CHOKEHOLD: Pro Wrestling's Real Mayhem Outside the Ring by Jim Wilson Weldon T. Johnson

CHOKEHOLD: Pro Wrestling's Real Mayhem Outside the Ring by Jim Wilson Weldon T. Johnson

Author:Jim Wilson Weldon T. Johnson [Johnson, Jim Wilson Weldon T.]
Language: eng
Format: epub
Tags: vl-wrestling
ISBN: 9781462811724
Publisher: Xlibris
Published: 2004-03-29T07:00:00+00:00


A year before, Muchnick and four other NWA promoters and one state athletic commissioner narrowly escaped an embarrassing Federal antitrust trial in Kentucky. The Kentucky lawsuit was brought by Joseph Donald Pruitt, better known to southern wrestling fans as Don Pruitt or Don Baker or Mr. X, when he wrestled under the sock. As discussed earlier, Pruitt tried to promote in competition - opposition - to the NWA, and it was Pruitt who went to the Kennedy Justice Department in 1961, blowing the whistle on the Gulas-Welch wrestling syndicate, athletic commission corruption and bribes to U.S. Senator Estes Kefauver. After Senator Kefauver died in 1963, Pruitt’s future as an independent promoter was no brighter. In 1973, ten years after asking the Justice Department for help, Pruitt decided to prosecute the wrestling syndicate by himself. The target of Pruitt’s suit was the regional wrestling monopoly controlled by Nick Gulas and Roy Welch in Tennessee, Alabama, Kentucky and Indiana in alleged combination with NWA president Sam Muchnick, Indianapolis promoters Dick The Bruiser (Richard Afflis) and Wilbur Snyder and Kentucky Athletic Commissioner M. Robert Evans. Pruitt alleged that Gulas, Welch, Muchnick, Snyder and Afflis illegally monopolized wrestling in the four-state territory by boycotting competitors, blacklisting wrestlers and bribing arena managers, television stations and state athletic commissions.

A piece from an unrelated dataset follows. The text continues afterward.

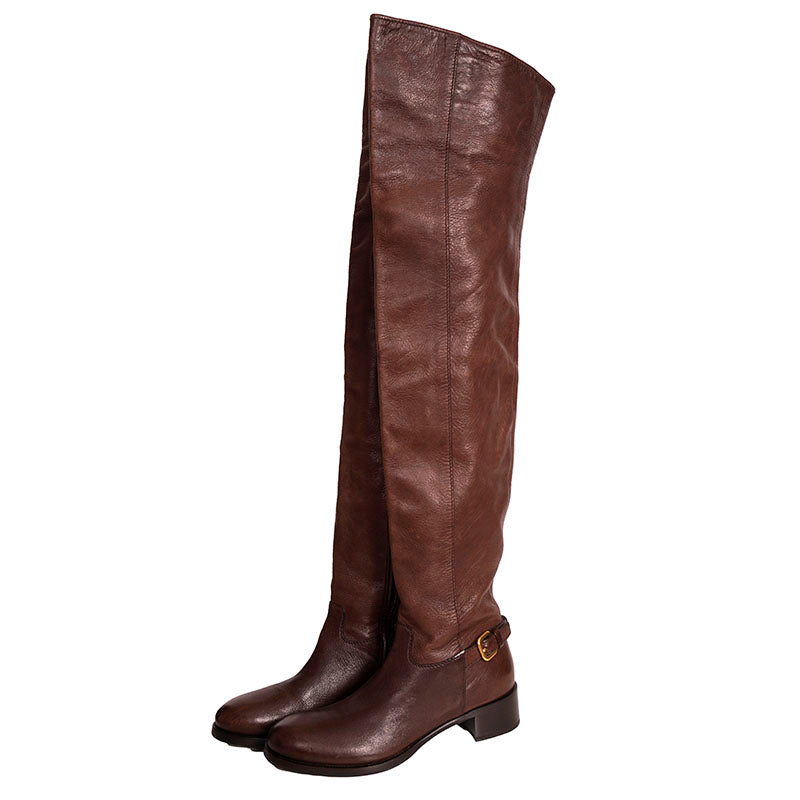 37 VINTAGE $2,050 PRADA Brown Rugged Leather OVER THE KNEE Tall Low Heel BOOTS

Pruitt’s lawsuit got the NWA’s immediate attention when he started shooting from the witness stand at a long list of The Business’ dirty laundry: about the NWA’s organizational purpose (“It is protection, sir”, said Pruitt); about how NWA world champions are selected (“somebody they can control”), bribes to TV stations (“ Nick Gulas paid $375 a week to WDRB-TV in Louisville to keep me off”); about exploiting Mexican wrestlers by paying them $10 a show and getting their work visas revoked when they complained; about stretching (“they broke a boy’s leg and arm - Kid Scotty Williams, his real name was Donald C. Scott”) and about how NWA promoters controlled and corrupted state athletic commissions in both Kentucky and Indiana.

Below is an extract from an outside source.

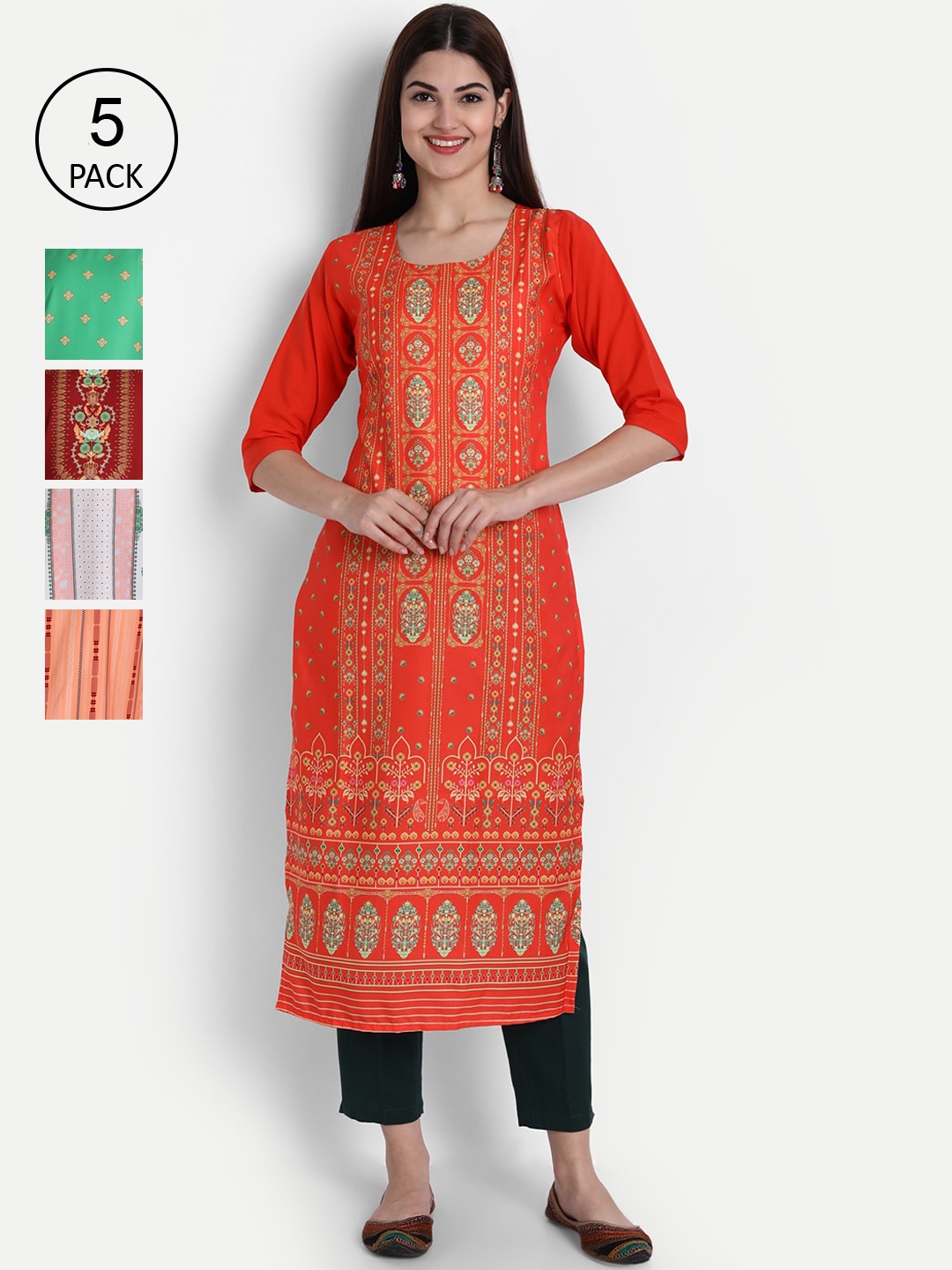 

Ethnic basket Women Pack of 5 Digital Printed Straight Kurtas, Orange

In Kentucky, Pruitt revealed, “You just didn’t get a license in Kentucky unless it was okayed through Gulas and Welch. I have been in the [Nashville] office of Gulas and Welch when an applicant has applied for a license in Kentucky and the Commissioner would immediately call them and tell them what had happened. And he would ask them if they knew the man and if they wanted him to have a license in the state of Kentucky . . . I have also heard Gulas make the statement ‘We have The Man in our pocket. We control him.’ Nick Gulas made the statement that they delivered thirty-five hundred dollars in cash under the table to control the man [ M. Robert Evans, Kentucky Athletic Commission chairman].” One of Pruitt’s witnesses was Wee Willie Davis, a six foot-ten inch former wrestler and wrestling promoter whose real name was William Grundy Davis. At 67, Wee Willie had been around pro wrestling since the 1930s, had appeared in 40 movies and achieved national prominence in 1956 when he won $32,000 on TV’s $64,000 Question.